Matthew: I want to interrupt you there. Sorry. Better is not a word count. There’s a lot of people doing 10 times content. No, don’t do that. That is not an intelligent business decision. If you look at the rankings and you see lots of pages with 2000 words, that doesn’t mean go and create a 10,000-word monster guide. It doesn’t. It means create whatever the average word count is plus 20%. Don’t go follow that trend of 10 times in your content. There’s no need. Look at what’s currently ranking. All right, if it’s loads of pages with 10,000 words on the first page, you got to write 10,000 words.
Spencer: Have fun writing that.
Matthew: Yeah, but it just loads the ranking with 1000, 1500, 2000, it’s absolutely no reason to write anything bigger than that. Just be aware that writing better content doesn’t mean more word count. I means more relevant.
Spencer: Yes. Good clarification. Perfect. And you mentioned, people also ask, so doing a better job of integrating those types of questions, perhaps, and other things within your content as well.
One follow-up question I did have on figuring out what keywords to target, keyword research there. Do you have a search volume minimum that you look at or what your criteria there?
Matthew: My sheet takes care of all of that and removes anything. It’s got logic there. It takes care of all of that. Again, what’s your minimum? It depends on the niche. There isn’t a minimum. There isn’t a right maximum. Everyone’s always looking for what is the right. It depends on the niche.
Some niches will have heavy, heavy 100,000 month search keywords, but they also come with heavy, heavy competition. Some niches have heavy, heavy volume keywords and no competition. Whereas some have high-paying affiliate programs, you only need 20 visitors to make some decent money.
So, it really depends on what you’re promoting, what is the volume of traffic in that niche relevant to the keyword that you’re looking at. There isn’t a right. In some cases, a 10 volume a month keyword is the right keyword to target. It depends on your individual business, what you’re promoting, and what you’ll be familiar with your business numbers. It really depends.
Spencer: Okay. That’s some good advice. Good tips there. We’re going to talk about link building in just a minute. That’s your third thing for SEO, but I want to jump into a case study that you did. You produced a great video on this and blog post, where you shared how you were able to increase the search engine traffic with an SEO audit by 45%. Tell us a little bit about this case study that you did and let’s talk about how to do an effective SEO audit.
Matthew: That’s a great way to introduce, though some of the SEO audit is good technical SEO, step one that we were talking about and content creation, step two. How this manifested itself in my own SEO blog was that last year was the worst year I ever had in organic traffic. My eye was off the bull. I wasn’t focused on the blog. It wasn’t something that I was paying much attention to and traffic declined. I paid the price.
So, I did an audit. In my opinion, if you want to increase the search traffic for anything, the first thing you should do is an SEO audit.
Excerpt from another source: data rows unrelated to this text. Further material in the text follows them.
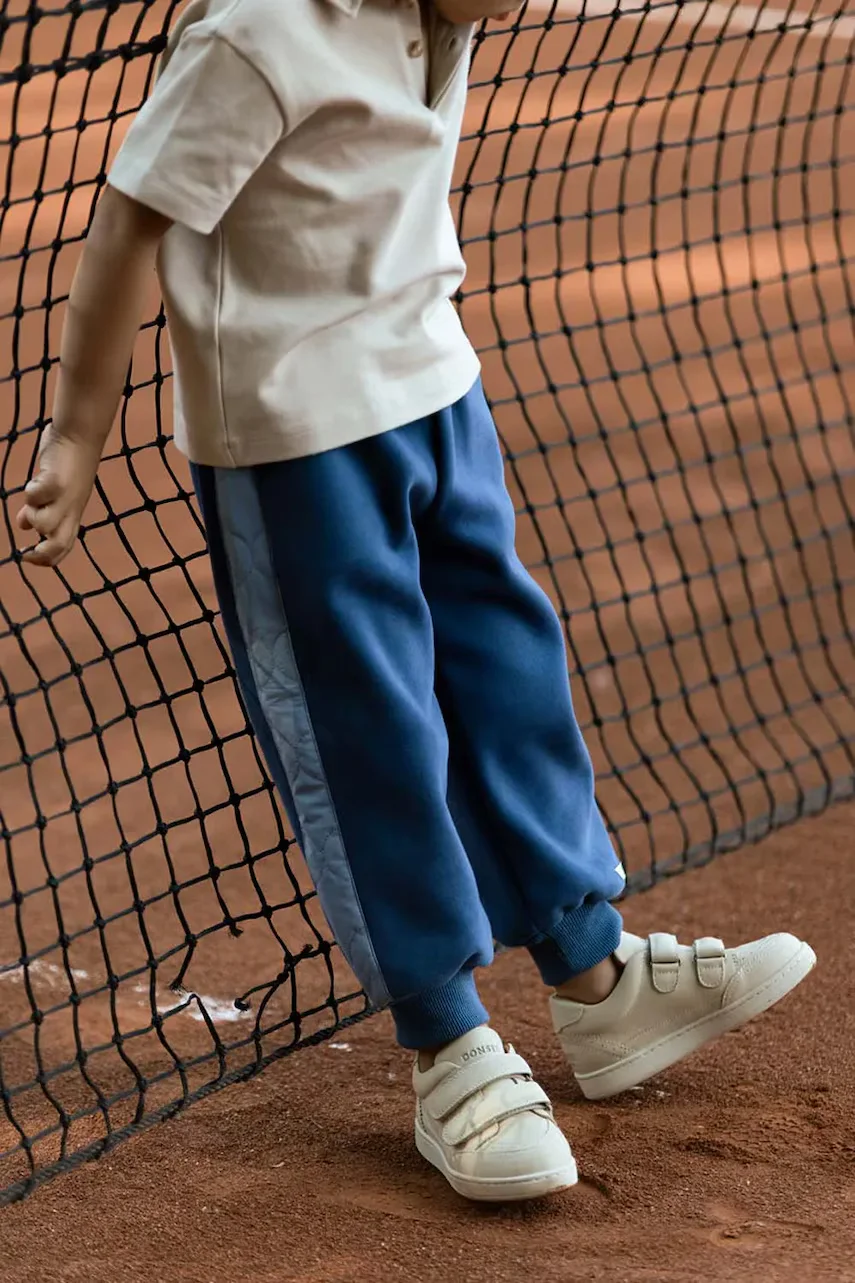 Donsje pantaloni de trening pentru copii cu bumbac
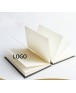 Blank Accordion Fold Book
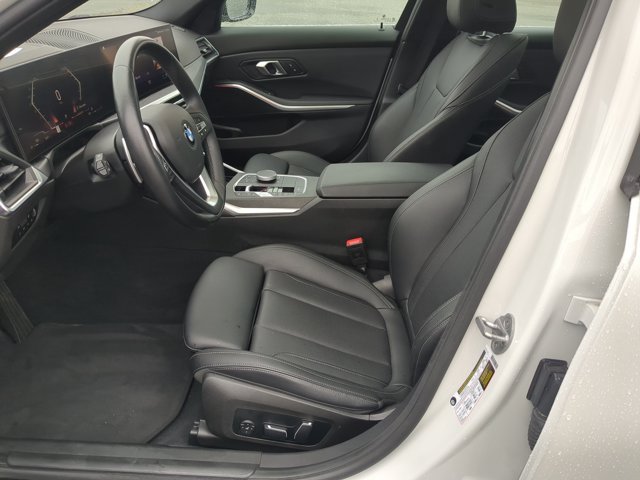 Used 2024 BMW 330i Sedan RWD image 16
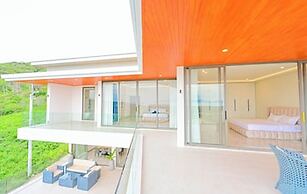 Ocean Skyline Villa Bophut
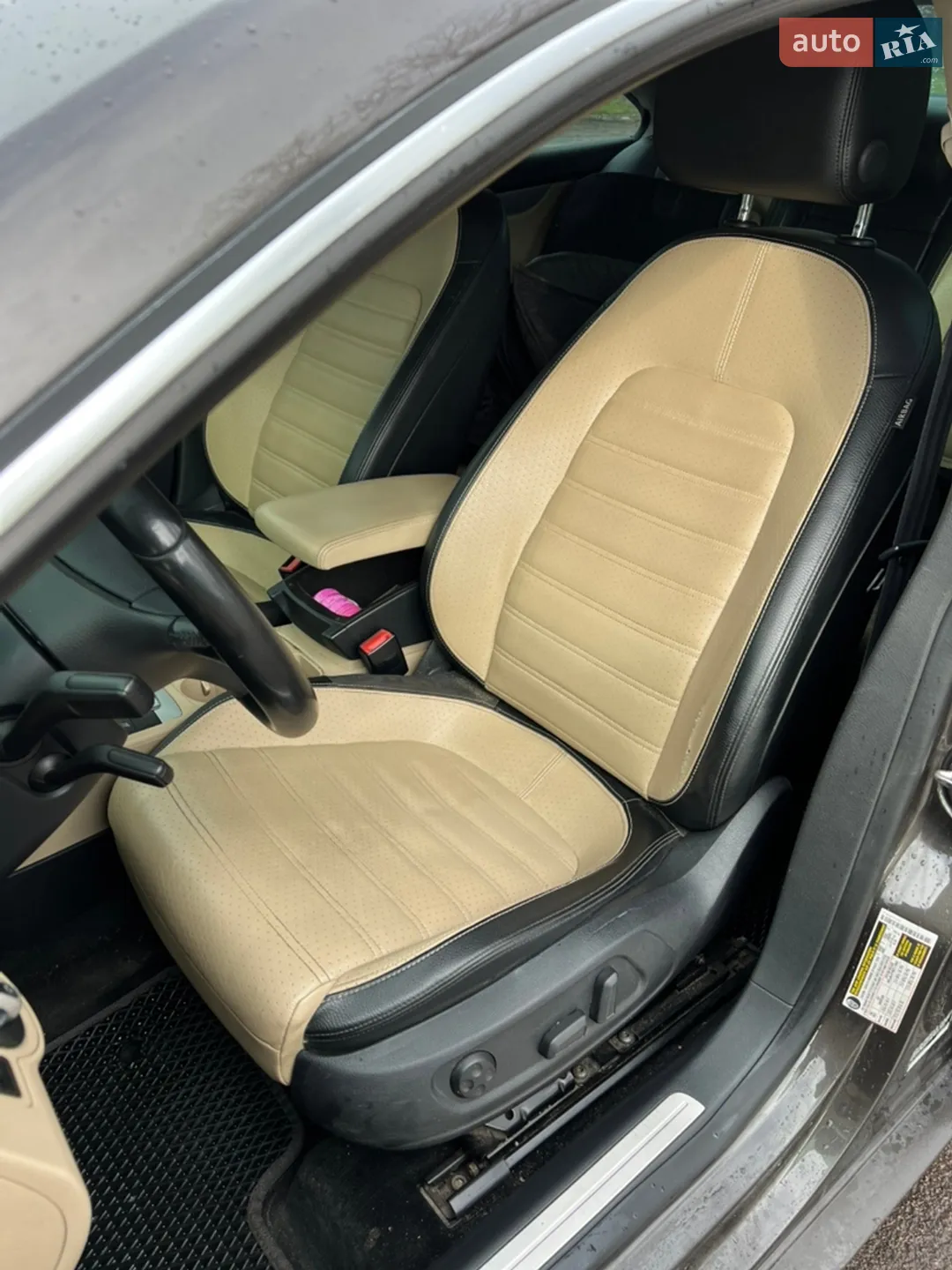 2013 Volkswagen Passat CC - мініатюра 13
If you haven’t done an SEO audit in the last year, you’re literally losing search traffic every single day that you don’t do it.
The problem is, SEO audits are boring. I sent this case to the […] my list which literally shows me increasing traffic by 45% without building a single link and it got a quarter of the open rate that it would normally. I don’t know why people have—even my own audience—some beef with SEO audit. It’s just not interesting.
Spencer: It sounds boring, I guess.
Matthew: If I send […] building strategy, it doubles the open rate than the app. If I’m like, “Hey, I increased traffic 45% in building a link,” no one cares like, “Does it?” I want to preface it. I don’t know why people are so turned off by SEO audit, but it is absolutely critical to your success and if you haven’t done it, you’re losing out on traffic every single day. So, get it done. I don’t care if it’s boring. This is business. You’re losing out on huge opportunities everyday that you don’t do it.
Now, in the audit itself, there’s a full 30-minute video that steps you through what I did and I designed because SEO audits are often very complicated. I designed a simple five-step process that anyone can follow.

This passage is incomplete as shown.